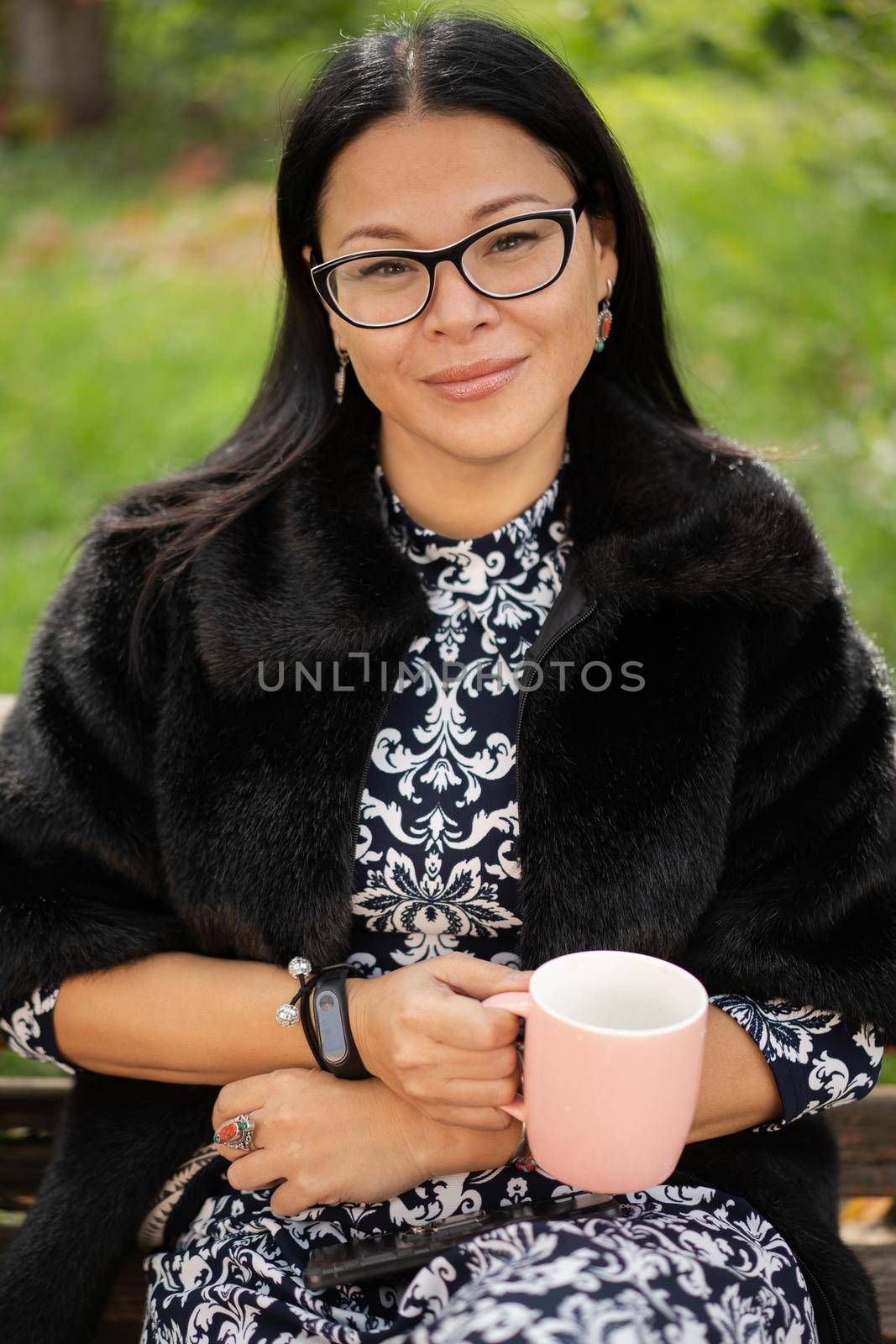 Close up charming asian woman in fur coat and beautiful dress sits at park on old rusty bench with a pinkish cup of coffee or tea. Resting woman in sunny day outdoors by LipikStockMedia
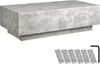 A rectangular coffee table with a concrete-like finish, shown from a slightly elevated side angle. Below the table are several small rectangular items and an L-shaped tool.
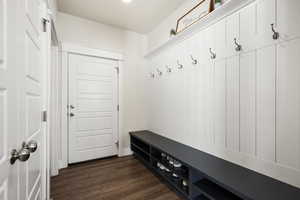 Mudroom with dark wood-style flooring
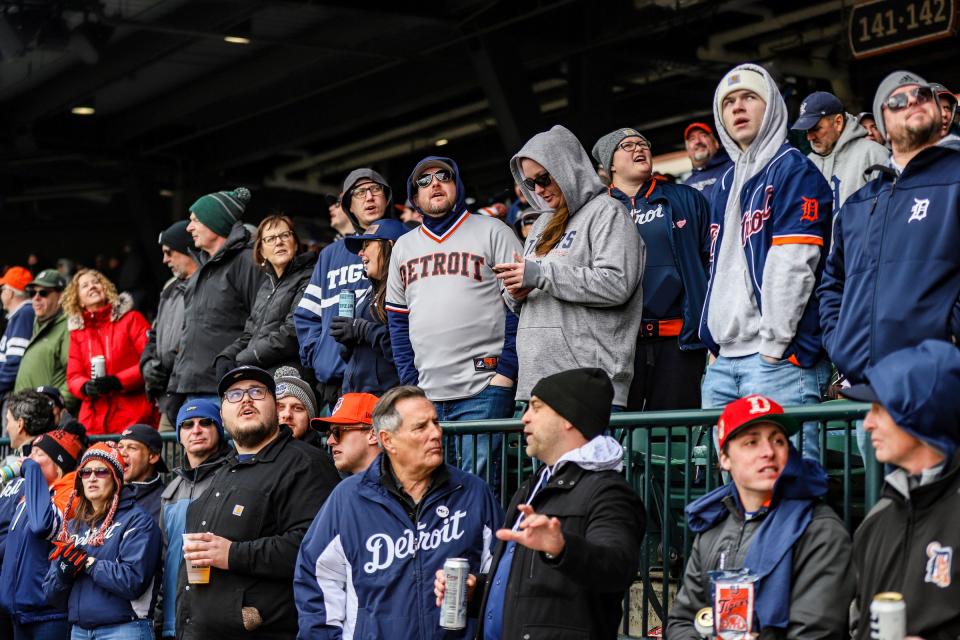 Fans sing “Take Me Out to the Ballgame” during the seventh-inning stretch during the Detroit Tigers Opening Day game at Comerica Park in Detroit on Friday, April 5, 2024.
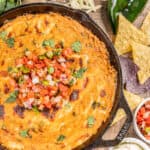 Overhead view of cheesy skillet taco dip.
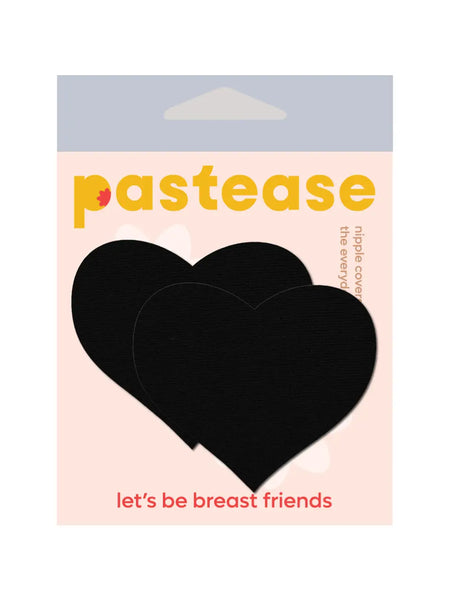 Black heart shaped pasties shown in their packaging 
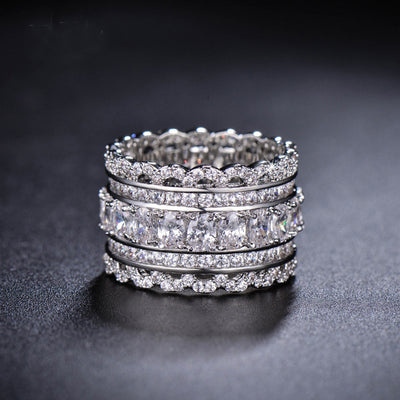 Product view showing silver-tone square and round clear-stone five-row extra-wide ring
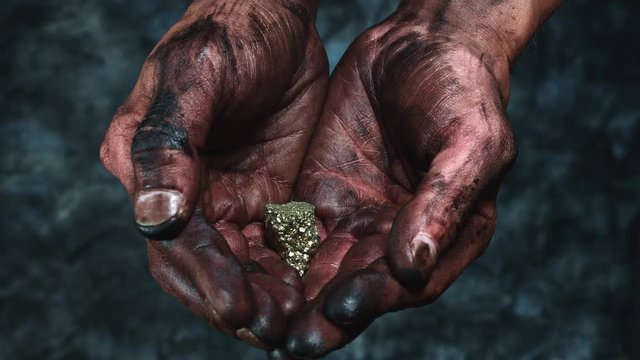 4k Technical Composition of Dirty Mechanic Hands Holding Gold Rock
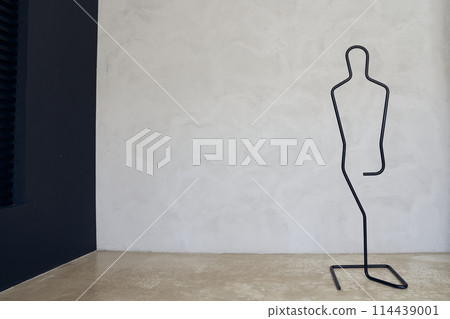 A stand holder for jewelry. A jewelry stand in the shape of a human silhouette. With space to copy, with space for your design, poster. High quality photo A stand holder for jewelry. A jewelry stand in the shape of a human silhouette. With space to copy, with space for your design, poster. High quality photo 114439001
-------
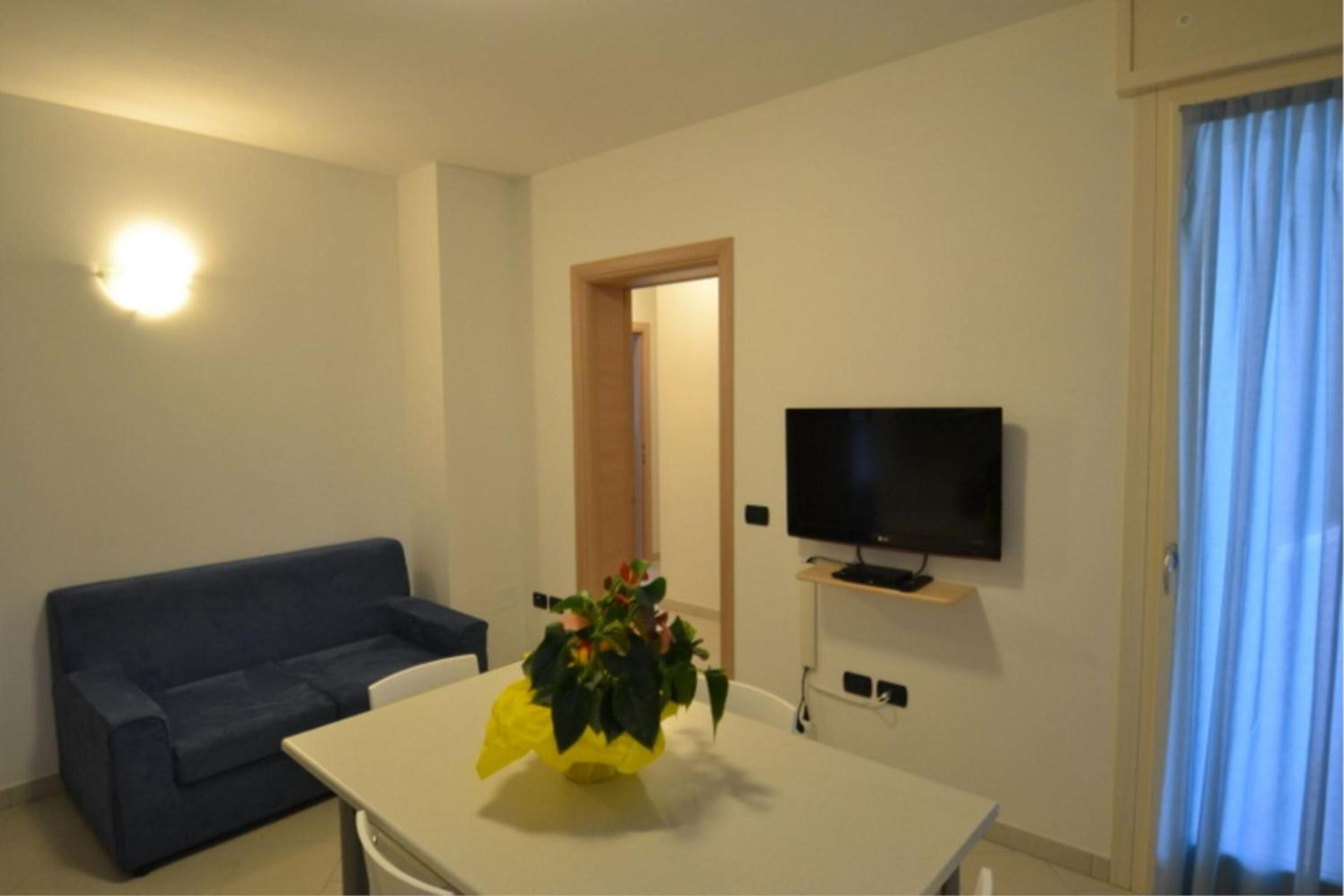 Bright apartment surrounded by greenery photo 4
-------
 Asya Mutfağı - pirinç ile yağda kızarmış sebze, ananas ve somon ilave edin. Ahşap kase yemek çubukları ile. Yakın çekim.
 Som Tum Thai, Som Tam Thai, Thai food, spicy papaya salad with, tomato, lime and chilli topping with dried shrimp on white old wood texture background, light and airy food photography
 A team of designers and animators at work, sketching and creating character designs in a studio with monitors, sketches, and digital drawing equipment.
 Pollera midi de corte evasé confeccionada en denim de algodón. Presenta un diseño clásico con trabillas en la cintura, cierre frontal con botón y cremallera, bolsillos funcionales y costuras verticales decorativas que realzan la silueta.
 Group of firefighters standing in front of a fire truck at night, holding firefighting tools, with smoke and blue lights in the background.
-------
* [Exercise]: The copy should hold only the lines from the one with "Close up charming" through the one with "Product view showing", exactly as they stand above. Leave out the pictures.

* [Answer box]:
 Close up charming asian woman in fur coat and beautiful dress sits at park on old rusty bench with a pinkish cup of coffee or tea. Resting woman in sunny day outdoors by LipikStockMedia
 A rectangular coffee table with a concrete-like finish, shown from a slightly elevated side angle. Below the table are several small rectangular items and an L-shaped tool.
 Mudroom with dark wood-style flooring
 Fans sing “Take Me Out to the Ballgame” during the seventh-inning stretch during the Detroit Tigers Opening Day game at Comerica Park in Detroit on Friday, April 5, 2024.
 Overhead view of cheesy skillet taco dip.
 Black heart shaped pasties shown in their packaging 
 Product view showing silver-tone square and round clear-stone five-row extra-wide ring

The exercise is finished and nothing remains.